» **Instructions to follow**
Every line from the start of the records through the line with "Detail of hand-crocheted" is to be written out exactly; pictures are not.

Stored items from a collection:
■ ■ ■ ■ ■ ■ ■

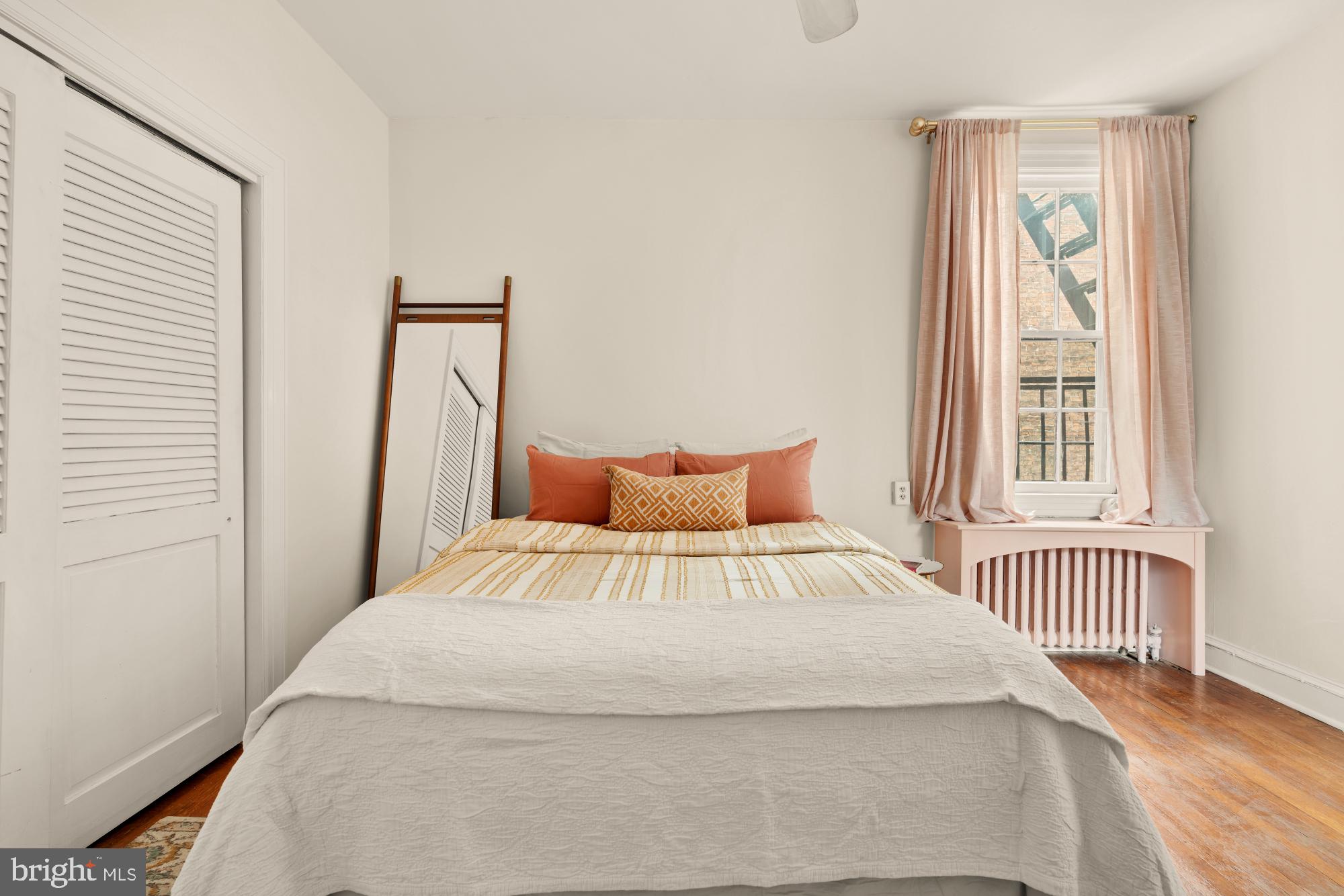 159 West Lanvale Street, Unit 5 Baltimore, MD 21201 - Photo 17 of 34 a bedroom with a bed and a window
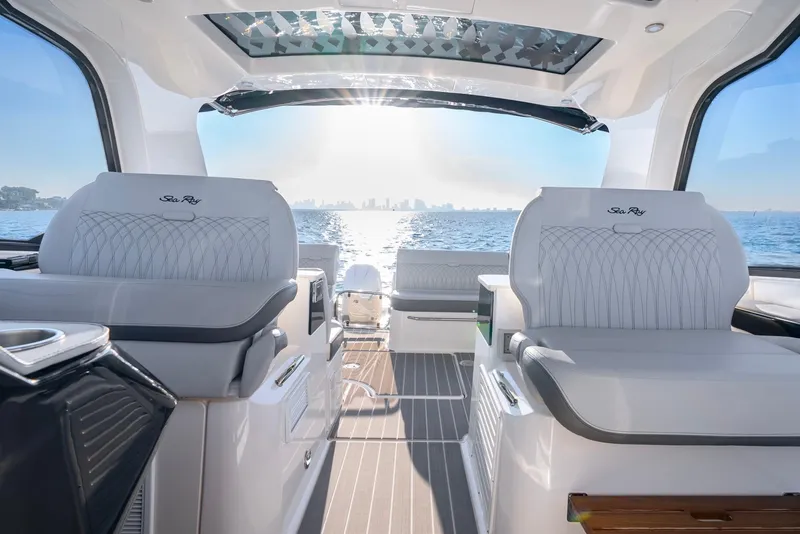 Slide: The Image of 2023 Sea Ray Sundancer 370 OB interior with ocean view and luxurious seating. - 18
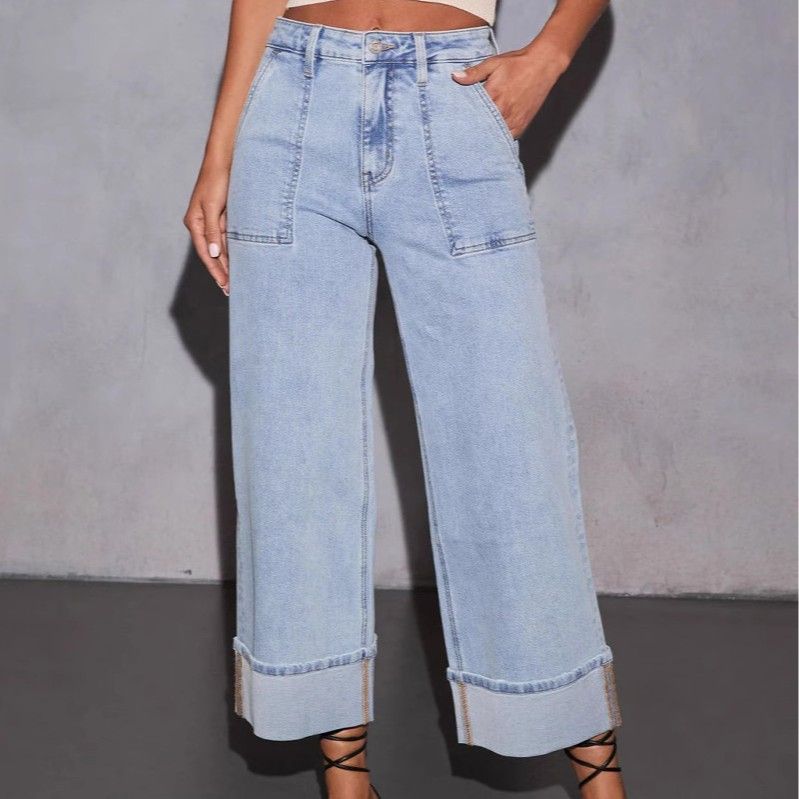 Jeans elasticizzati a vita alta e gamba larga da donna: pantaloni in denim comodi ed eleganti con effetto slavato, perfetti per abbigliamento casual e da ufficio._voghion.com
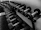 Close-up of premium gym weights arranged neatly against a stylish gray wall.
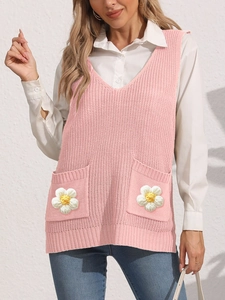 Detail of hand-crocheted floral pocket on a pink V-neck knit vest sweater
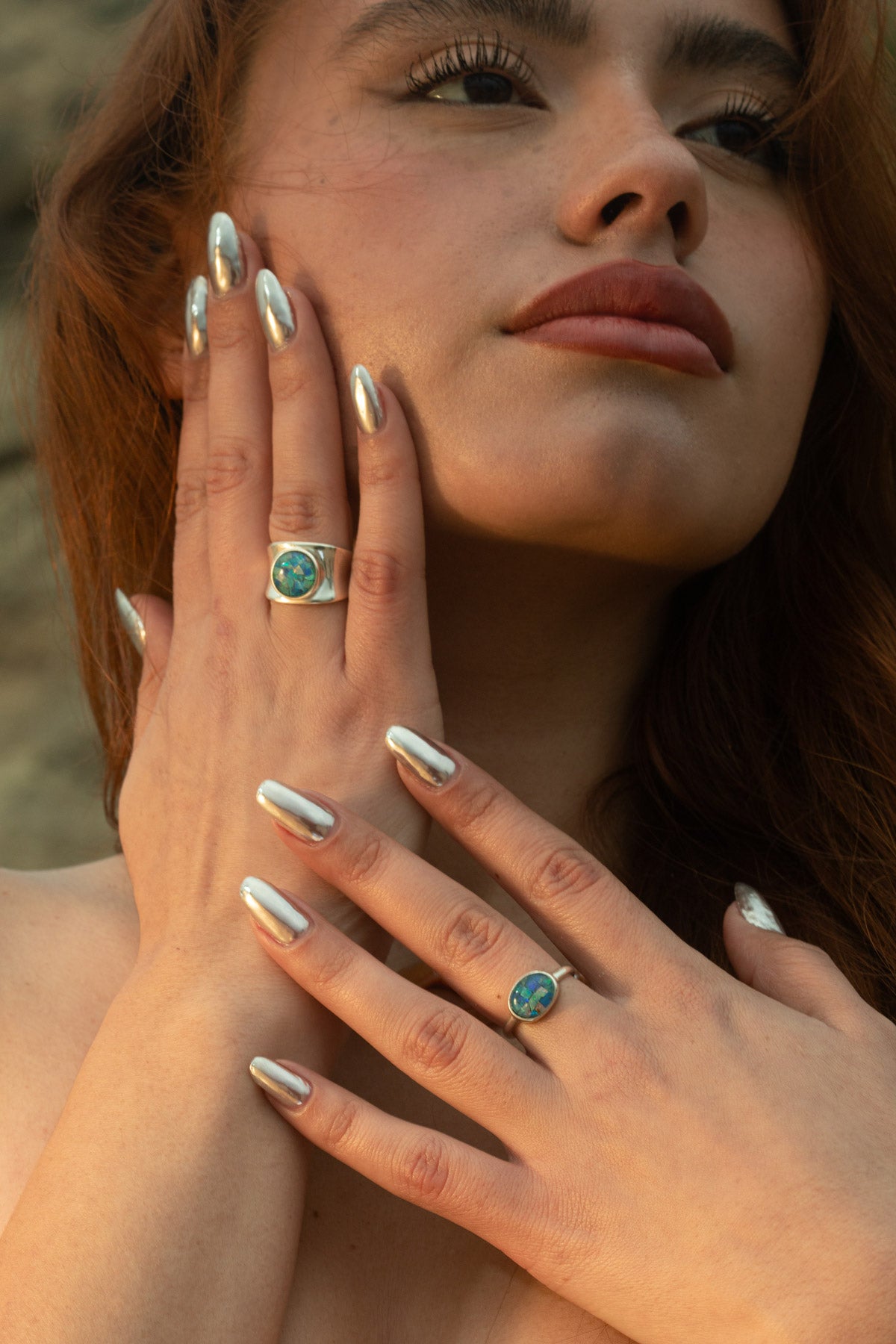 The model's serene pose with eyes closed, showcasing both the Opal Mosaic II Ring and I Ring. Her hand rests gently on her face, paired with the Pia Necklace, a delicate freshwater pearl and Condor agate beaded piece. Together, they evoke the quiet beauty of ocean currents and sunlit shores.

■ ■ ■ ■ ■ ■ ■

» **Task solution**
 159 West Lanvale Street, Unit 5 Baltimore, MD 21201 - Photo 17 of 34 a bedroom with a bed and a window
 Slide: The Image of 2023 Sea Ray Sundancer 370 OB interior with ocean view and luxurious seating. - 18
 Jeans elasticizzati a vita alta e gamba larga da donna: pantaloni in denim comodi ed eleganti con effetto slavato, perfetti per abbigliamento casual e da ufficio._voghion.com
 Close-up of premium gym weights arranged neatly against a stylish gray wall.
 Detail of hand-crocheted floral pocket on a pink V-neck knit vest sweater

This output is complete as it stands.